A lawyer for the Cambodian People’s Party filed the lawsuit on Tuesday against Son Chhay for saying that the nationwide commune elections were unfree as well as unfair, according to documents filed with the Phnom Penh municipal court.
Son Chhay charged that the National Election Committee was biased in favor of the governing party and that there had been vote-buying and intimidation of voters. His allegations have been denied by the government.
“Son Chhay’s comments spread false information with malicious intent and were slanderous, which was seriously damaging to the reputation of the Cambodian People’s Party, which won the election,” said the complaint filed by the lawyer, Ky Tech.
For several years, long-serving Prime Minister Hun Sen’s government has aggressively pursued legal action against its opponents, hindering their ability to operate freely, and sometimes hounding them into exile or jailing them.

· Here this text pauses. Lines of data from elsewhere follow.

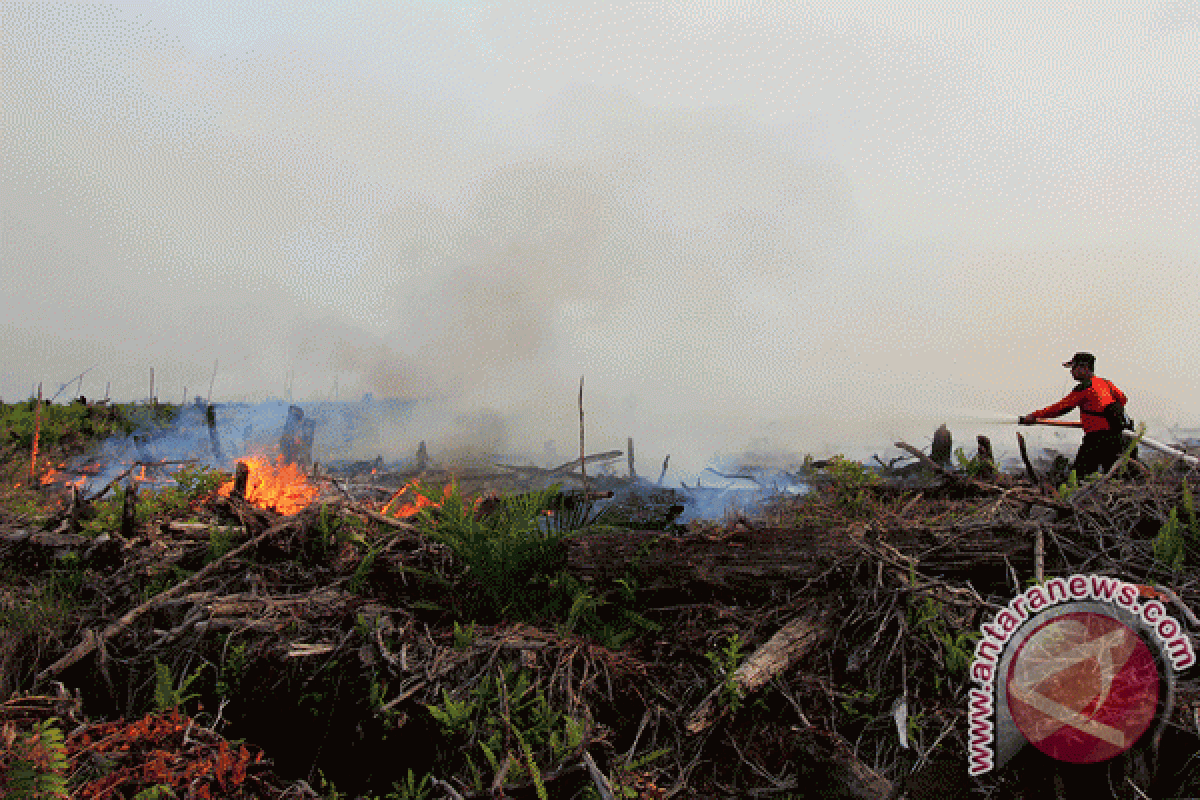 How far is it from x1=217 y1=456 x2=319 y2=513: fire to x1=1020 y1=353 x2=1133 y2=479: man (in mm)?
9585

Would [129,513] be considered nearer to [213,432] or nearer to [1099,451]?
[1099,451]

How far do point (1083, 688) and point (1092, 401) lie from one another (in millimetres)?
7313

In 2017, the main opposition Cambodia National Rescue Party was dissolved by the Supreme Court on a charge of treason that was widely seen as politically motivated to ensure a victory for the Cambodian People’s Party in the 2018 general election. Before its dissolution, the opposition party had been expected to mount a strong challenge, but with it off the ballot, Hun Sen’s party won all the seats in the National Assembly.
Sok Eysan, a spokesperson for the governing party, said in social media posts that Son Chhay’s allegations contradicted the will of the voters and insulted state institutions.
Son Chhay said in an email to The Associated Press on Wednesday that the governing party was seeking to weaken his Candlelight Party so they would not need to dissolve it. Son Chhay holds dual Cambodian and Australian citizenship, and another party official, Thach Setha, said he left Cambodia for Australia on Saturday, before the lawsuit.
Thach Setha said it would be better to solve the dispute by having the politicians involved talk face-to-face rather than filing a lawsuit. He added that if there was a legitimate complaint, it should be handled by the National Election Committee instead of the courts.
Asked about Son Chhay’s prospects if the case goes forward, he replied: “As everybody knows, whenever there is a lawsuit filed by the government or ruling party against opposition politicians, we have never won any case. Even if you have a very, very good lawyer from heaven, you still lose in court.”